## Documentation Scraping Agent

### Objective
This component extracts technical documentation content from MoEngage's developer portal while bypassing potential anti-scraping measures. The extracted content is converted to clean Markdown format for downstream analysis.

### Technical Approach
#### Core Technologies
- **Bright Data Residential Proxies**: To bypass IP restrictions and avoid blocking
- **Requests**: For HTTP communication with retry mechanism
- **BeautifulSoup**: HTML parsing and content extraction
- **html2text**: Conversion of HTML to Markdown format
- **Regex**: Content cleanup and filename sanitization

#### Key Features
1. **Proxy Integration**:
   - Uses Bright Data residential proxies to mimic real user traffic
   - Configurable via environment variables for security
   - Automatic retry mechanism (3 attempts) for network resilience

2. **Content Extraction**:
   - Targets specific CSS classes (`article__body markdown`) for main content
   - Multiple fallback strategies if primary content container not found
   - Cleans unnecessary elements (scripts, styles, footers, etc.)

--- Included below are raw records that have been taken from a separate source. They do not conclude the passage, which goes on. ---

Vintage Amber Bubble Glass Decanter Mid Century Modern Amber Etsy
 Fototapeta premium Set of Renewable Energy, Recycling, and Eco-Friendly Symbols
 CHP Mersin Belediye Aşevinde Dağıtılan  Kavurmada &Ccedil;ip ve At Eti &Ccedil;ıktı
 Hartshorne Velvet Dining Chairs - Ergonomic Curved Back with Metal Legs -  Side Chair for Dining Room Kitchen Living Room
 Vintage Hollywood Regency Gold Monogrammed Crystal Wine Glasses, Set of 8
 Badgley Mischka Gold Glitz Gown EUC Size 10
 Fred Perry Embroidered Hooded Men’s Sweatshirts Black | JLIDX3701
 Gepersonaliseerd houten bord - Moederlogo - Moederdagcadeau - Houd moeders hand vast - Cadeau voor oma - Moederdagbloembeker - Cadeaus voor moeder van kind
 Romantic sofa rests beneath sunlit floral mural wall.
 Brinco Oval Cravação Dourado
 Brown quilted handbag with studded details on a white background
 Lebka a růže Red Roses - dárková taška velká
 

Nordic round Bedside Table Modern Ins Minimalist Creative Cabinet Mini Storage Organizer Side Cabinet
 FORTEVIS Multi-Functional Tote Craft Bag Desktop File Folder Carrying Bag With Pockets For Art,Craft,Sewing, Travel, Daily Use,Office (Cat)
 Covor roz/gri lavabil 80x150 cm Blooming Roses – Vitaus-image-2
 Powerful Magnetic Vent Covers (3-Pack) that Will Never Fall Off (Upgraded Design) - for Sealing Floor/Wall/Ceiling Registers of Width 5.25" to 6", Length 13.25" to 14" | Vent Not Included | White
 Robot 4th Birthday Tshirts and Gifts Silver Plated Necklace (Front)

3. **Markdown Conversion**:
   - Preserves links and basic formatting
   - Skips images to reduce token usage in later stages
   - Aggressive cleanup of whitespace and line breaks

4. **File Management**:
   - Automatic directory creation (`scraped_docs`)
   - Filename generation from article titles
   - Special character sanitization for compatibility

### Why This Approach?
- **Anti-Scraping Mitigation**: Residential proxies help avoid IP bans that are common with technical documentation portals
- **Content Focus**: Targets only relevant technical content, ignoring navigation and site chrome
- **Format Preservation**: Maintains code blocks and technical formatting crucial for SDK documentation
- **Error Resilience**: Comprehensive exception handling for network and parsing issues


In [7]:
import requests
from bs4 import BeautifulSoup
import html2text
import re
import os
import urllib3
from urllib.parse import urlparse
import warnings


warnings.filterwarnings('ignore', category=urllib3.exceptions.InsecureRequestWarning)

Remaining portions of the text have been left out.